(
computational complexity):
The most important open problem in the field.
The class P is (trivially) a subset of the class NP. Nondeterminism is always optional. However, it would appear absurd that P=NP. A nondeterministic machine trying to decide membership in a language is presented with a hint (called a "witness" or "certificate") which proves membership (no such witness is provided for elements outside the language; the definition is asymmetric).
So most people would be extremely surprised to discover P=NP. It would also have strong repercussions on the way we think of algorithms. But nobody has any idea how to prove that P!=NP.
To show P!=NP it is sufficient to show that one problem in NP is not in P. To show P=NP, it is sufficient to show that one NP-complete problem (say SAT) is in P (an NP-complete problem is by definition in NP, so if it's not in P then P!=NP). Note that this immediately gives a concrete equivalent question: Does there exist a polynomial-time (deterministic) algorithm for checking boolean formula satisfiability?

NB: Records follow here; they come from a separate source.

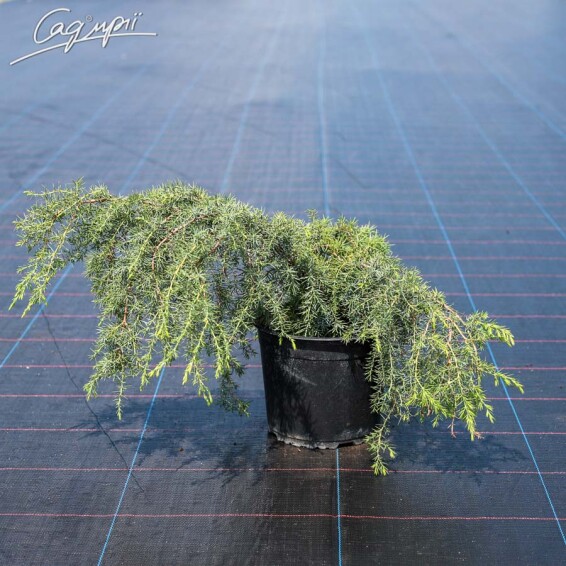 Ялівець звичайний 'Horstmann' #1, C20 150-175 - 2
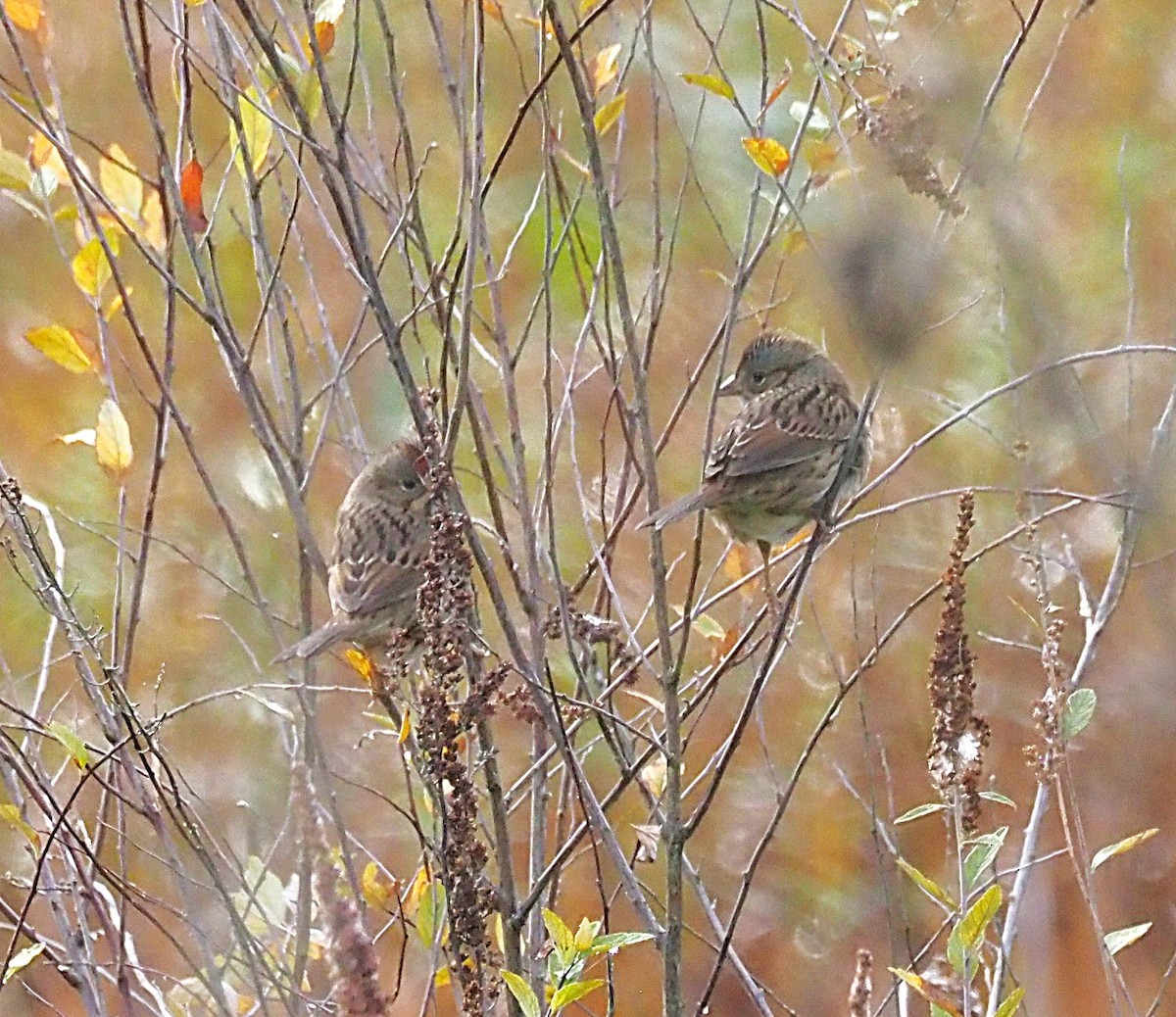 Lincoln's Sparrow - ML642680052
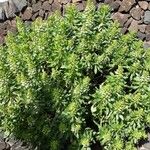 Echium decaisnei Habit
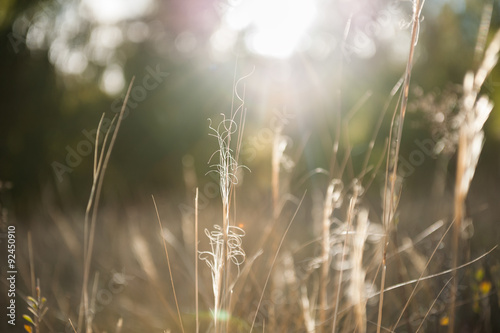 Forest meadow with wild grasses at sunset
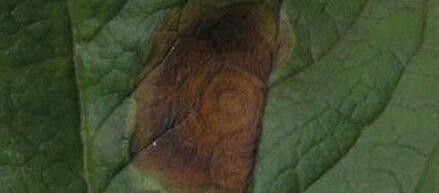 种植杜仲如何防治病虫害?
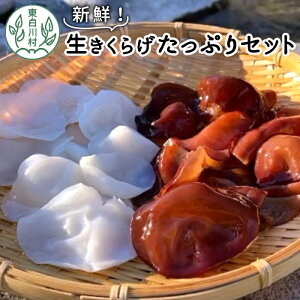 yӂ邳Ɣ[ŁẑꂽĐVNI 炰ՂZbg Y 쑺Y H@ 炰 炰 炰 炰 LNQ ؎ ώ 쑺  18000~
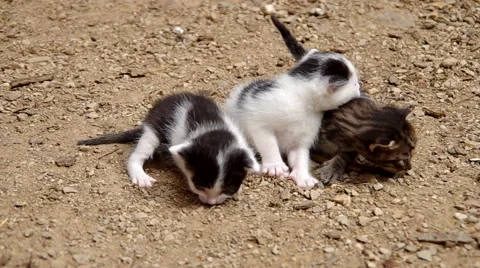 Three small cats Stock Footage 52209521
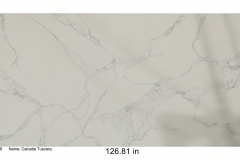 Calacatta Tuscany quartz. White base with smoky light gray veining. Mid range price.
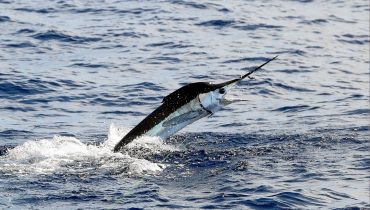 Tavria Offshore Classic Pesca desportiva (2)|Tavria Offshore Classic Pesca desportiva (1)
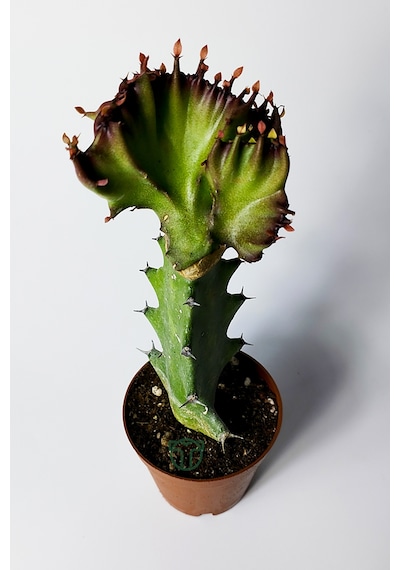 Euphorbia Lactea Cristata Variegata Dark Rim 5.5 Cm Saksıda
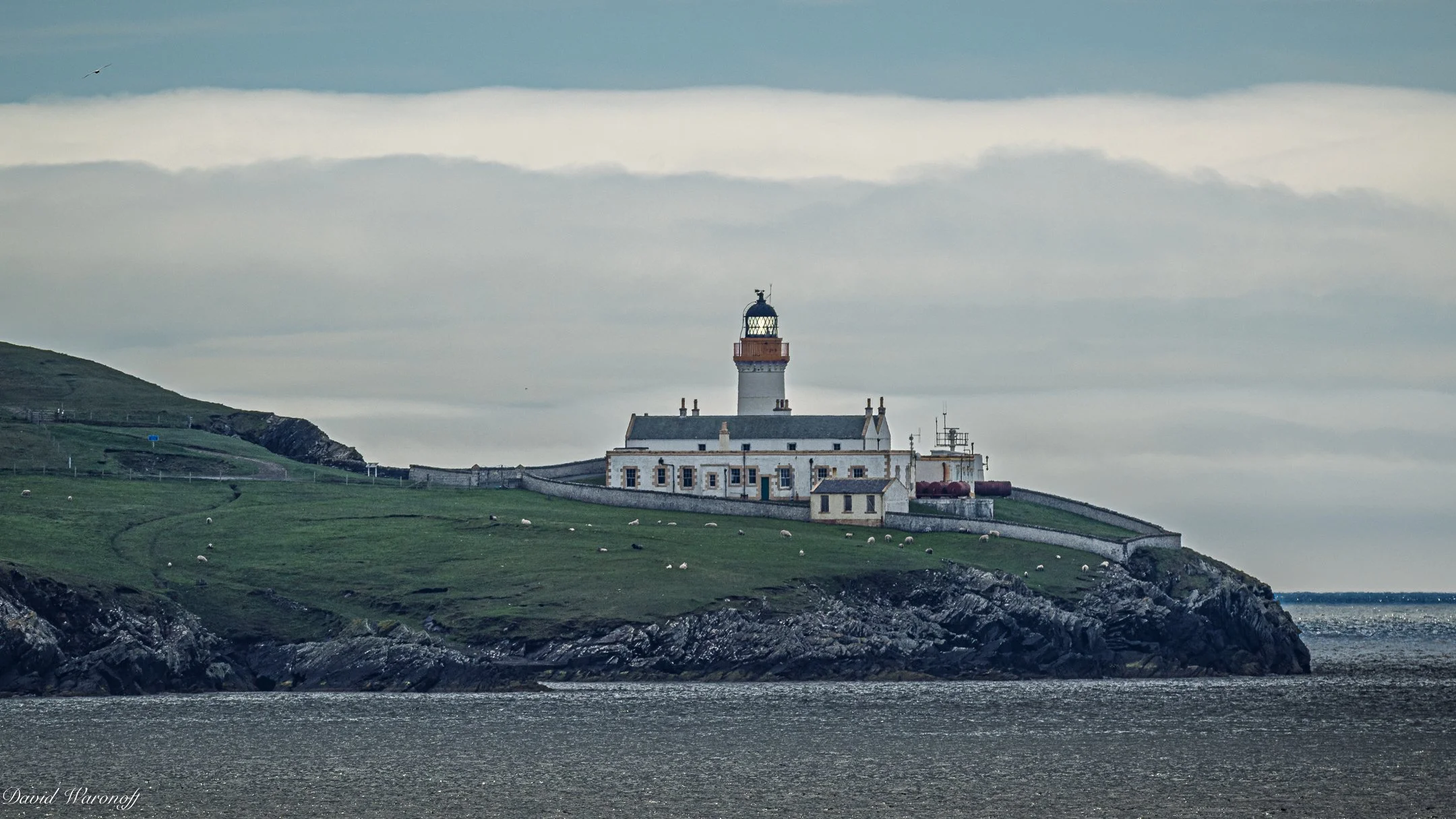 _0Z91460.jpg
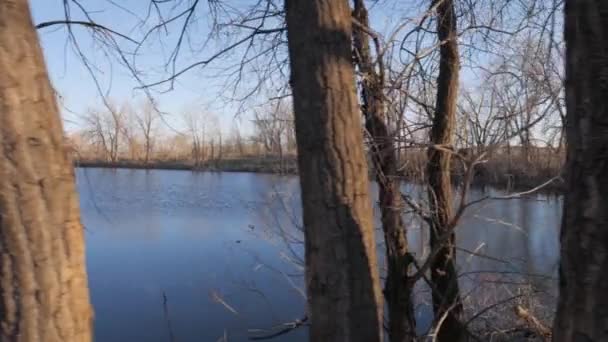 Blick Auf Einen Klaren See Umgeben Von Blattlosen Bäumen Fort — Stockvideo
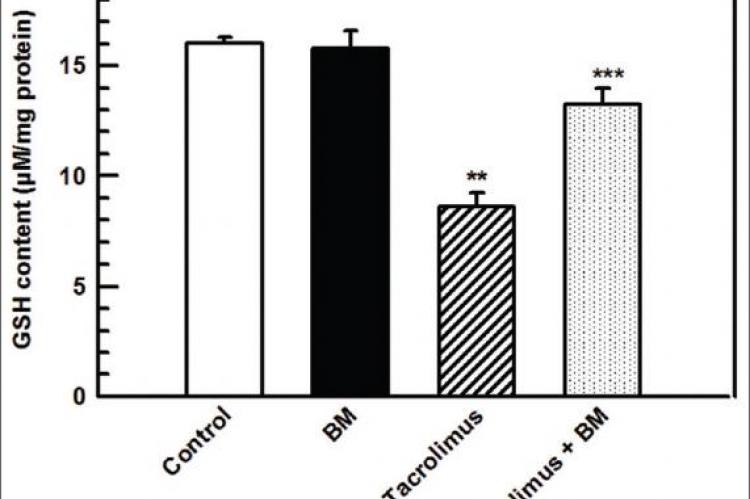 Mitochondrial Nephrotoxicity induced by Tacrolimus (FK‑506) and Modulatory Effects of Bacopa monnieri (Farafakh) of Tabuk Region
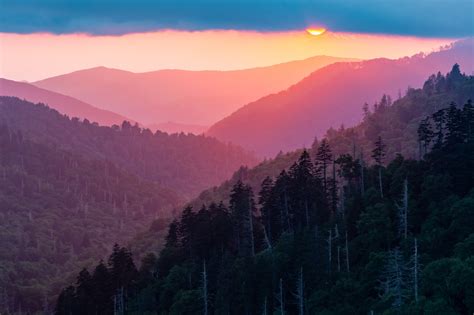 A Tree Falling Great Smoky Mountains National Park Morton Overlook Sunset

More structural approaches have also been tried. For instance, the definition of NP is not symmetric. If we know a language is in NP, we generally do not know that its complement (the set of words not in the language) is in NP. The class of these complements is coNP. But if a language is in P, then so is its complement. So if we could show NP!=coNP, we would immediately deduce that P!=NP (otherwise, since P=coP, NP=P=coP=coNP using some trivial logic). Now, very few problems are known to be both in NP and in coNP, yet not known to be in P. And of course, none of these problems are NP complete (an NP complete problem in coNP would immediately show NP=coNP). Yet proving a language is not in NP (or not in coNP) is also a very difficult task.
Some approaches are known not to work. The usual method for solving problems like the halting problem is known as diagonalization. However, it can be shown that diagonalization isn't strong enough to show P!=NP. In other words, a much better understanding of P will be required to show P!=NP, one from which we are very far.